### RECORDS FOR THE TASK
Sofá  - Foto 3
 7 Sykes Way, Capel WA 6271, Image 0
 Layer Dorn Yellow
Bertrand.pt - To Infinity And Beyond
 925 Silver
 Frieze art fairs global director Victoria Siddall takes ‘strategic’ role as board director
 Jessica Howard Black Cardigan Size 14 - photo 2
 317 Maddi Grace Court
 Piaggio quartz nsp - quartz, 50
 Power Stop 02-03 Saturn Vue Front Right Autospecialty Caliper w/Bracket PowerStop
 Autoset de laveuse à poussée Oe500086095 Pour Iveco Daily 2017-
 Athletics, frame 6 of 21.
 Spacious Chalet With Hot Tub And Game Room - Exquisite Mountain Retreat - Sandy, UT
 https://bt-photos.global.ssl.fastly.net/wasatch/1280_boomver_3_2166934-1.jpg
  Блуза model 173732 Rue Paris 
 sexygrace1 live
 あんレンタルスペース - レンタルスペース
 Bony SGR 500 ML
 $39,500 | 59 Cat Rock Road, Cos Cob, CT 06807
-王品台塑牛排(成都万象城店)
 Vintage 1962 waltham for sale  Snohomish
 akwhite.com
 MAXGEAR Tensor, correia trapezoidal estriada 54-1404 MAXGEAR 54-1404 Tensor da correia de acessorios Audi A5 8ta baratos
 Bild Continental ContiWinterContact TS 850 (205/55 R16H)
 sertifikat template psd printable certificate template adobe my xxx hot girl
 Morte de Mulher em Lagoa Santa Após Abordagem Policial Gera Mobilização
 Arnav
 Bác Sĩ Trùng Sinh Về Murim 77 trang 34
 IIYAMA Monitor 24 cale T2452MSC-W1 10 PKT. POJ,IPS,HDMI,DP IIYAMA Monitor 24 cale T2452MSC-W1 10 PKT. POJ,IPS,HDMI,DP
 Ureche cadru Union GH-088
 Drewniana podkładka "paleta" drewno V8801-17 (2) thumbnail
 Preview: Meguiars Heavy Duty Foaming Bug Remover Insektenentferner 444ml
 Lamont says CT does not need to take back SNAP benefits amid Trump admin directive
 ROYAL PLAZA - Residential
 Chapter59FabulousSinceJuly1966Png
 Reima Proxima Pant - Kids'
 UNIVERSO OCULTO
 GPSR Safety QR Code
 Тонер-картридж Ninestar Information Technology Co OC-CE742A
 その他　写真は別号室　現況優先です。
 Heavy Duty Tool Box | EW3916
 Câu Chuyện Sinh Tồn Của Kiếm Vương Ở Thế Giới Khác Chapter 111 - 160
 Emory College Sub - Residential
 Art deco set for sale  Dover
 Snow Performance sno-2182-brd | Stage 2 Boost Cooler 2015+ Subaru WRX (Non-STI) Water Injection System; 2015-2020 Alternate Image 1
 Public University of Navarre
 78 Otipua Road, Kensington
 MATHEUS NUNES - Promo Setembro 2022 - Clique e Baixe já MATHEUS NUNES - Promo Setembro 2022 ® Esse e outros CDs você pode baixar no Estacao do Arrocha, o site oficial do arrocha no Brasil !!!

### ABOUT THIS EXERCISE
Go through the data line by line and work out how many lines contain "Duty". Give only that number.

### WRITTEN REPLY
2